While dogecoin and other cryptocurrencies have seen wild price swings recently, the reason for that volatility may in fact soon give rise to greater stability. The steep rise in prices has been because of more people and institutions investing in crypto. But as more and more people and institutions become invested in crypto, the more mature and stable crypto becomes. Bitcoin has swung in the past month between about $50,000 and $65,000 – a difference of 30 percent from the lower value. By any account that is a massive price swing. But given the amount of institutional money pouring into bitcoin, coupled with global interest, the price has been roughly stable within this range. Those who have watched bitcoin evolve over the past 10 years would have expected much greater volatility. In fact, it is reasonable to expect the trading range to eventually narrow.
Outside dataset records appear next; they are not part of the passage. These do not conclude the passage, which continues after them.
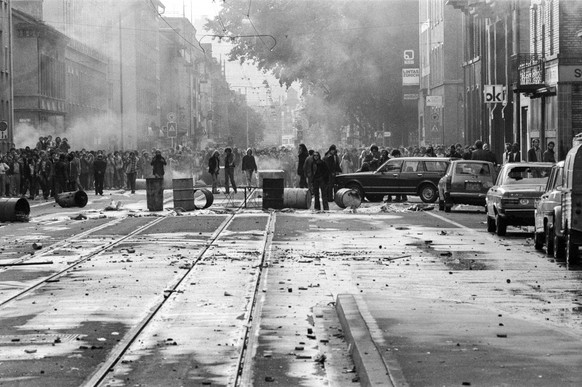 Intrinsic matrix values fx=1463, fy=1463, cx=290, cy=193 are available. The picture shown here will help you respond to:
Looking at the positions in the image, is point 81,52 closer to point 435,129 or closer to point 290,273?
point 435,129

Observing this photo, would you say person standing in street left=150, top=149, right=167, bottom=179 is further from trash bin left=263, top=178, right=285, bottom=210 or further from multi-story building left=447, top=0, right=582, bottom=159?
trash bin left=263, top=178, right=285, bottom=210

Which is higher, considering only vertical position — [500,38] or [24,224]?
[500,38]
Still, despite the rise in prominence of crypto, there is no unified government approach toward cryptocurrencies. The Biden administration in the US says it will introduce new regulations for cryptocurrencies – but it remains unclear what they will be. Meanwhile, China, which has strict laws regulating the use of cryptocurrencies, just announced it will launch its own digital currency. Built on similar technology as bitcoin, the digital yuan could prove to be a model for governments worldwide. At the other end of the spectrum, India is mulling laws that will effectively ban cryptocurrencies – part of a larger campaign to curtail the open internet. In short, governments’ response is confused.
On the other hand, financial markets are being stymied. Wall Street jumped on the cryptocurrency bandwagon this month, but it did so without actually trading any crypto. For while participants in the US markets have been hankering for an exchange-traded fund for crypto, the Securities and Exchange Commission still won’t allow this. For all its virtues, Coinbase remains only a proxy – its stock value is closely tied to the direction of prices of popular cryptocurrencies.
One argument that crypto skeptics have used against coins like bitcoin is that on a practical level they are too slow to trade. A transaction on the bitcoin blockchain can take anywhere from 15 minutes to an hour, depending on the volume of transactions. In the real world, no one is going to wait 15 minutes to pay for a cup of coffee. Such arguments are valid, but they fail to acknowledge the fact that crypto is a “meta currency.” You store value in it but you will likely still exchange it into dollars, dirhams, baht and so on to buy your coffee.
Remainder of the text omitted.